▸ **Work required**
Search the data for the word "Blue" and copy each line that has it.

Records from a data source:
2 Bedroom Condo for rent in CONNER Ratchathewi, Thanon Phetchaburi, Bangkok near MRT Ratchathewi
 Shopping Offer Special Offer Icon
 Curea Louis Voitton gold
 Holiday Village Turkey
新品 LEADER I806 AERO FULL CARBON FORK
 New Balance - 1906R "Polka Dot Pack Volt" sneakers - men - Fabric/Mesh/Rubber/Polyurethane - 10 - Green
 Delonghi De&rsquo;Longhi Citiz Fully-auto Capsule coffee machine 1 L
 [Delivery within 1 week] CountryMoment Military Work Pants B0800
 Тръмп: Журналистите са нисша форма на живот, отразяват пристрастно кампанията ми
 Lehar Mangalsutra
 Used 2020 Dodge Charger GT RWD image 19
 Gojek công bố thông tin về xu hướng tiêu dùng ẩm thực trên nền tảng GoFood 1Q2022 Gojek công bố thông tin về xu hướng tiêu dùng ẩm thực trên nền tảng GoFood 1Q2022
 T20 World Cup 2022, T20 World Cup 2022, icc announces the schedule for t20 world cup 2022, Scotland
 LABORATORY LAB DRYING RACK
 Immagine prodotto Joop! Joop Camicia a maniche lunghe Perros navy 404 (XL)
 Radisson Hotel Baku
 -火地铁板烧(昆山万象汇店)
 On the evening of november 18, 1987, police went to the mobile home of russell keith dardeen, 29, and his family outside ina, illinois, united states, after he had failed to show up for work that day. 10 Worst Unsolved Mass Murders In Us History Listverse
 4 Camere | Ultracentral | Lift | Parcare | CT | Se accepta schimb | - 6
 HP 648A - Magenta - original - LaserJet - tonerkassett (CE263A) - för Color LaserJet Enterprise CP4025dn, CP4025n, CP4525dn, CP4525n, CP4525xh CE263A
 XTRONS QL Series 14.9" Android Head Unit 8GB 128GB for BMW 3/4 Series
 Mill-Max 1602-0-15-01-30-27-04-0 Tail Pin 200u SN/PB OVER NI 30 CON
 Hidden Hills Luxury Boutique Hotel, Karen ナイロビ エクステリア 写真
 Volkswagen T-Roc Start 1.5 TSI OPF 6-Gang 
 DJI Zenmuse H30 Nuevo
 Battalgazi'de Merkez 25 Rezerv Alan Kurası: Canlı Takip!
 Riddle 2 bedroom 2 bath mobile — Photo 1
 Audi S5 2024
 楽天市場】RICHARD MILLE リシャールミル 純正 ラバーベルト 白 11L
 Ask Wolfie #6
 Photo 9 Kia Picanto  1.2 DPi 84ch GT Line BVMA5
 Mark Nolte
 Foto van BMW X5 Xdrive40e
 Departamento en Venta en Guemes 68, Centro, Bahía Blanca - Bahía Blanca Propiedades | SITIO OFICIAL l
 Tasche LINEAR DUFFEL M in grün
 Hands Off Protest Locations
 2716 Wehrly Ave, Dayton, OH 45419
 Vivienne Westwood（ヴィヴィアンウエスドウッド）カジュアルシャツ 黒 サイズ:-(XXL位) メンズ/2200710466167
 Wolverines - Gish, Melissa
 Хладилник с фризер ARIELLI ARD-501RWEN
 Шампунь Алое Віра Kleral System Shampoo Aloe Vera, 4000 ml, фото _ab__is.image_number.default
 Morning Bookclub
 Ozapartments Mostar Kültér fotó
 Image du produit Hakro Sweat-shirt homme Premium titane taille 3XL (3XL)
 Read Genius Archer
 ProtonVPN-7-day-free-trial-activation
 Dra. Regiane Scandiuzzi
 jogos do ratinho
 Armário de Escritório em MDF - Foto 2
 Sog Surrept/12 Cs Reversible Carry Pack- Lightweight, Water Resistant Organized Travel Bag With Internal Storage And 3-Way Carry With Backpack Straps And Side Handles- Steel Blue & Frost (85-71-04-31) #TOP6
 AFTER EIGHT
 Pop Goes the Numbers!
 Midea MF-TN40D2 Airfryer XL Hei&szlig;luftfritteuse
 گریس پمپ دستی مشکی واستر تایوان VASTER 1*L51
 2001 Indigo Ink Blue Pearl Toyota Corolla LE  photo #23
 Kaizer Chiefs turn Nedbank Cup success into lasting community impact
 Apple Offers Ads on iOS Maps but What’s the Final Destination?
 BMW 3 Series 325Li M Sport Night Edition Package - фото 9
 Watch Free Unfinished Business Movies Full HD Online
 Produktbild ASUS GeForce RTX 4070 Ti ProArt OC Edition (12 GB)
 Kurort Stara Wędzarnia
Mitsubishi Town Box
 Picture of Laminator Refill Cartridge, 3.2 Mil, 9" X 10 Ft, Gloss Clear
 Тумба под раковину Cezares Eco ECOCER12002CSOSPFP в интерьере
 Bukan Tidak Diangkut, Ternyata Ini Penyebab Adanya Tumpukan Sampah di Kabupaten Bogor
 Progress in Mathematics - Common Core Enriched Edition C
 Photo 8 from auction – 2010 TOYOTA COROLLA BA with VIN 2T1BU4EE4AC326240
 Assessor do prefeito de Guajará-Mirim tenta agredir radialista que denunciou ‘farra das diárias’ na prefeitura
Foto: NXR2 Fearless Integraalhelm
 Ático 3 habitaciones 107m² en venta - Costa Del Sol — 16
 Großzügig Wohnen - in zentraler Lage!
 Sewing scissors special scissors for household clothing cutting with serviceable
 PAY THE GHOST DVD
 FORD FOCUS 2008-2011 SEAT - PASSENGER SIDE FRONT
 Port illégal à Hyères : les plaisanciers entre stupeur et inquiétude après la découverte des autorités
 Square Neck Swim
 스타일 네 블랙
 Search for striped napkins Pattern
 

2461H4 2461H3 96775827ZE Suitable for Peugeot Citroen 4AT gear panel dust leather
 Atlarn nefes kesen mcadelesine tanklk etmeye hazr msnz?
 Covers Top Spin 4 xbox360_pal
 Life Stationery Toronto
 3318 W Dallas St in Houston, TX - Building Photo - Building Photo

▸ **Result below**
 Sog Surrept/12 Cs Reversible Carry Pack- Lightweight, Water Resistant Organized Travel Bag With Internal Storage And 3-Way Carry With Backpack Straps And Side Handles- Steel Blue & Frost (85-71-04-31) #TOP6
 2001 Indigo Ink Blue Pearl Toyota Corolla LE  photo #23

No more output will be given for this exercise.